Indexing the cap for inflation would "take some of the pressure off and provide a mechanism for the volume cap to keep pace with rising construction costs and increased financing needs," said Aurel Arndt, the general manager of the Lehigh County Authority in Allentown, Pa. Arndt was also testifying before the subcommittee, representing a dozen state and local organizations.

Inflation's erosion of the volume cap is just one facet of a larger problem Putman and Arndt brought out in their testimony: that the cap is simply too tight in many states. Though lobbyists have complained a bit during the past few years, there has been little talk of the problem on Capitol Hill and no concerted lobbying effort to ease the cap.

That's because the two biggest users of the cap, issuers of mortgage revenue bonds and small-issue industrial development bonds, have been fighting for their lives. Each year they have faced a termination date for those exemptions and have been busy trying to keep them from expiring. This year, the situation is even more acute, with the two tax breaks having expired June 30, 1992.

Mortgage bond and IDB proponents probably would have more time to pursue the volume cap issue if Congress made the authority to issue those bonds permanent. There is a chance that could happen this year, as the House version of President Clinton's budget and tax package includes permanent extensions. The Senate bill, however, would renew the two exemptions only through June 30, 1994.

But with or without a permanent extension, the testimony last week by Arndt, Putman, and other bond proponents at the subcommittee hearing is a sign that lobbyists are stepping up the pressure on Congress about the volume cap's restrictions.
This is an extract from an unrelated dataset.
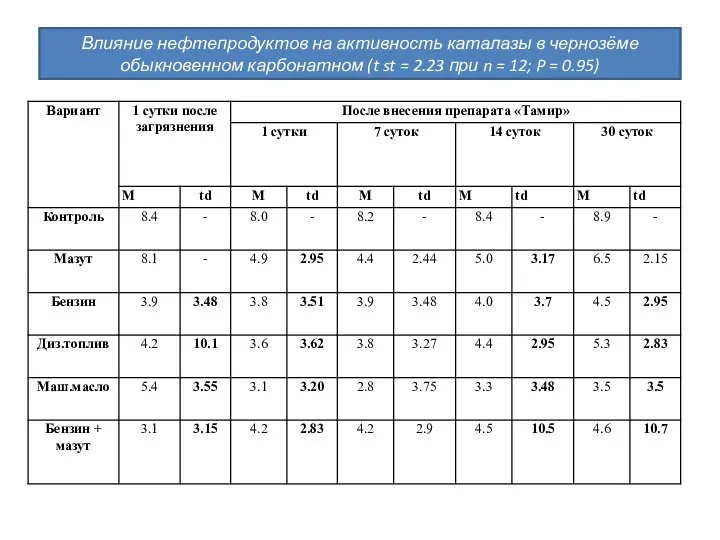 Влияние нефтепродуктов на активность каталазы в чернозёме обыкновенном карбонатном (t st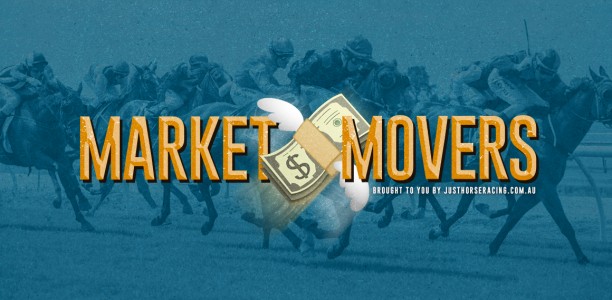 Moe races market movers –  15/6/2023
Evidence that at least some are listening can be found in a proposal by Rep. Fred Grandy, R-Iowa, to alleviate some of the pressure on the volume cap. Grandy's proposal would allow states with an overabundance of cap authority to shift the authority to states that had used up their cap in a given year.

Grandy's proposal was on a list of nearly two dozen proposals for easing curbs on tax-exempt bonds submitted for the subcommittee hearing. Overall, members have made more than 100 tax-related proposals that they hope will be folded into a second tax bill this year.

Although Putman cited Grandy's proposal as one alternative that could be explored, he criticized it as probably involving "significant administrative burdens."

The Treasury Department is none too happy with the idea, either, saying it would cost the federal government money and would be a burden on the Internal Revenue Service.

But Grandy's proposal is a start, and probably only the first of many approaches to easing the volume cap - such as indexing it for inflation - that bond proponents now seem ready to push on Capitol Hill.